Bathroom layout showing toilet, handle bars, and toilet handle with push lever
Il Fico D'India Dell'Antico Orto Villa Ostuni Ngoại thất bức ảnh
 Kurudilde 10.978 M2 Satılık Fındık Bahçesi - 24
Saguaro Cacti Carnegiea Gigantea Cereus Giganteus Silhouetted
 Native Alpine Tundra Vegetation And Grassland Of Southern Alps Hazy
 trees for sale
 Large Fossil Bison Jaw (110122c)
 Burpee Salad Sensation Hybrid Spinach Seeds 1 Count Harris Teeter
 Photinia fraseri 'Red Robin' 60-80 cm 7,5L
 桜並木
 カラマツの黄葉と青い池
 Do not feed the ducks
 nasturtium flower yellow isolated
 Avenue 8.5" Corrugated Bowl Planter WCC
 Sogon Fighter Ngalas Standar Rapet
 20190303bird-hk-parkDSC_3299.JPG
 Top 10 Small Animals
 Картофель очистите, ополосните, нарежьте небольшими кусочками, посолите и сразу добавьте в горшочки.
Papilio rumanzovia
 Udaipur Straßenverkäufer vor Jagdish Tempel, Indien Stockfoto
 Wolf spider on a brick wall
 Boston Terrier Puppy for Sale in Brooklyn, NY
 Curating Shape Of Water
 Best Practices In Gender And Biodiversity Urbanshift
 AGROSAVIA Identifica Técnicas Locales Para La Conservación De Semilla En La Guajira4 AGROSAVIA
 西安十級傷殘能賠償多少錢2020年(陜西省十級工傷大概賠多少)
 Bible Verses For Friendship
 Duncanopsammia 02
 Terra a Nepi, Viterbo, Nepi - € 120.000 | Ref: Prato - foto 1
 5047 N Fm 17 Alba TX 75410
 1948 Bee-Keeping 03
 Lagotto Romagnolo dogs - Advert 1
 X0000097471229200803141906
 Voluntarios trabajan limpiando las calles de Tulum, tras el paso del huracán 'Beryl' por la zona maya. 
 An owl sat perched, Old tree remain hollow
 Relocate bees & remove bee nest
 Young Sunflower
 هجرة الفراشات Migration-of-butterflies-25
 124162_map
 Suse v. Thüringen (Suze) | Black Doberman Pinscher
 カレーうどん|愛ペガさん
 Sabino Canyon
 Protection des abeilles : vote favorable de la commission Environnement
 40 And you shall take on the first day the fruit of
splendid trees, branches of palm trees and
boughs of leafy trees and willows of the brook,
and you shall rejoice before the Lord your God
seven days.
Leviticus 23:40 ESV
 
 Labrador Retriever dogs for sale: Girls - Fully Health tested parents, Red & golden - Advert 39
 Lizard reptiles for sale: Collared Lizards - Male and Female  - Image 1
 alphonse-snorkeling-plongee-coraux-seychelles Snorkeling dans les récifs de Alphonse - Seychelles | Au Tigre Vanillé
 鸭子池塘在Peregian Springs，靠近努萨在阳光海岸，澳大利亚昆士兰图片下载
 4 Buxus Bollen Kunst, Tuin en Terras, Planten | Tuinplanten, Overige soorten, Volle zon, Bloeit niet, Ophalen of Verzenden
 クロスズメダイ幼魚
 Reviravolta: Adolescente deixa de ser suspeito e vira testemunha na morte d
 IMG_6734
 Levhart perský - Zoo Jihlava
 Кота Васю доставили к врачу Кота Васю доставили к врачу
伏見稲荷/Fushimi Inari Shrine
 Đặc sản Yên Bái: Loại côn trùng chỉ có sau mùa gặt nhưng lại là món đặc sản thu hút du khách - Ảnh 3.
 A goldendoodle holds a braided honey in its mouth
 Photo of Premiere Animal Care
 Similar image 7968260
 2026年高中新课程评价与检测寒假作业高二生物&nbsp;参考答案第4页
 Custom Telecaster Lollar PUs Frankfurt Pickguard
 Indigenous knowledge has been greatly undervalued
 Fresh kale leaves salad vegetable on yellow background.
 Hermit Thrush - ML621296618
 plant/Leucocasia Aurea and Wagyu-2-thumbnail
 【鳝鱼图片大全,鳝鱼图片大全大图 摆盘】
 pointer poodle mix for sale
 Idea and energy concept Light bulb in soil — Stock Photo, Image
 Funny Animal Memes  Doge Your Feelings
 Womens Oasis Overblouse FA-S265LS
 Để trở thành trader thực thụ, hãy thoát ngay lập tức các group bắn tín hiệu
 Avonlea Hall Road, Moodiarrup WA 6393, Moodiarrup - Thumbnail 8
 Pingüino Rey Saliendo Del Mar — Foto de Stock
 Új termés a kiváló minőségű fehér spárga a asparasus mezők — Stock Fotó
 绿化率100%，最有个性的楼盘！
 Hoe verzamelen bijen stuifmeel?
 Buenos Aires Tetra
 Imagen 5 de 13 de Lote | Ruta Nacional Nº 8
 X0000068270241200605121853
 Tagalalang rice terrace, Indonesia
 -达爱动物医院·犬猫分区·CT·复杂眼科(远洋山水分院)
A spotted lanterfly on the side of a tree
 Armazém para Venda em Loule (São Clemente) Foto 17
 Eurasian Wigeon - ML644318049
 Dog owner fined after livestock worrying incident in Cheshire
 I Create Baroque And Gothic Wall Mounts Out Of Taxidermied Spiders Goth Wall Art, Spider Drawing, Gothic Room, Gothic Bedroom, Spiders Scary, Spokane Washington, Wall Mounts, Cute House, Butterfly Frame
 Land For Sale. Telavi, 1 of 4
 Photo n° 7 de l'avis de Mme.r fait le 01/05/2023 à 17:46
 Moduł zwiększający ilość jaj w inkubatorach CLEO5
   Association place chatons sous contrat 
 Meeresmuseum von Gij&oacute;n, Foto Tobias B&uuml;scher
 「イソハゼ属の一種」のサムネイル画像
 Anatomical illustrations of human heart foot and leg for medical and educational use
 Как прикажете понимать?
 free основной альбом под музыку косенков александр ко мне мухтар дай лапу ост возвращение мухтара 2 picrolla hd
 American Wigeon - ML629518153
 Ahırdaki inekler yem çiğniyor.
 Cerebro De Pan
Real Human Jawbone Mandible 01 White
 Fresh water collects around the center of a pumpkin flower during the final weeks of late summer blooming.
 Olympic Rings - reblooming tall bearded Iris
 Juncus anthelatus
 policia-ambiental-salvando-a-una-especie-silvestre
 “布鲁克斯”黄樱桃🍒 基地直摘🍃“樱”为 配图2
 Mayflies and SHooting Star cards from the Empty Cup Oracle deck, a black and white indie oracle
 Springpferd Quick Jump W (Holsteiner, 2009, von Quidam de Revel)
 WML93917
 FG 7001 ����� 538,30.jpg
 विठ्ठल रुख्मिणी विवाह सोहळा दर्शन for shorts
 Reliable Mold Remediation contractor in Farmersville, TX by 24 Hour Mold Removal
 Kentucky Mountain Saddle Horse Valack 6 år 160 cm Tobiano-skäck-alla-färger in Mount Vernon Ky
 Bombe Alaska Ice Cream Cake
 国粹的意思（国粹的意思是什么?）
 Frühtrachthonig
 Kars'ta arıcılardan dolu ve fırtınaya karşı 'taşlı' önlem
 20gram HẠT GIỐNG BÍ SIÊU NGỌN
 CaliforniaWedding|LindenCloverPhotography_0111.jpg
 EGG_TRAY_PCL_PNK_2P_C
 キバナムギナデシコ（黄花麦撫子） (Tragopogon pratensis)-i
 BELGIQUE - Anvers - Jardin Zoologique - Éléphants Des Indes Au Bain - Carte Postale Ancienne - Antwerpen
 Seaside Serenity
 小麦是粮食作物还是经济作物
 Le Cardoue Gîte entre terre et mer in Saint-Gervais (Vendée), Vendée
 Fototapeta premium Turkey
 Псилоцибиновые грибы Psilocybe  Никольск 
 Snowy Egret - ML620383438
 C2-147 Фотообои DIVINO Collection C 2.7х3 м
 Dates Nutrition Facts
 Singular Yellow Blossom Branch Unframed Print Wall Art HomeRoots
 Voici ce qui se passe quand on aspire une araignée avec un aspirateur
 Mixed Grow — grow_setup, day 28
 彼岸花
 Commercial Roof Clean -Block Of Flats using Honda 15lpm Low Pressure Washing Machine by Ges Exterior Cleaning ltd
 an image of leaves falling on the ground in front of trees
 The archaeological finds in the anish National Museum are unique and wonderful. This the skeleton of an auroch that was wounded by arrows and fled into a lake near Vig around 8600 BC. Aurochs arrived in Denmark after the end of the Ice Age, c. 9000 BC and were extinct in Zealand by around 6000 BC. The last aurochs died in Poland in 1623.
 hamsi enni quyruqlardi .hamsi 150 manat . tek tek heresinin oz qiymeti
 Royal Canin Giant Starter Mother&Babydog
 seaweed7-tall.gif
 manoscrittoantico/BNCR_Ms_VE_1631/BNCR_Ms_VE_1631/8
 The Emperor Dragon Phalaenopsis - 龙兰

────────────────────

When you reach the line holding "Reviravolta: Adolescente deixa" in the records above, begin reproducing exactly, stop after the line holding "Similar image 7968260", and output nothing else.

Worked solution:
 Reviravolta: Adolescente deixa de ser suspeito e vira testemunha na morte d
 IMG_6734
 Levhart perský - Zoo Jihlava
 Кота Васю доставили к врачу Кота Васю доставили к врачу
伏見稲荷/Fushimi Inari Shrine
 Đặc sản Yên Bái: Loại côn trùng chỉ có sau mùa gặt nhưng lại là món đặc sản thu hút du khách - Ảnh 3.
 A goldendoodle holds a braided honey in its mouth
 Photo of Premiere Animal Care
 Similar image 7968260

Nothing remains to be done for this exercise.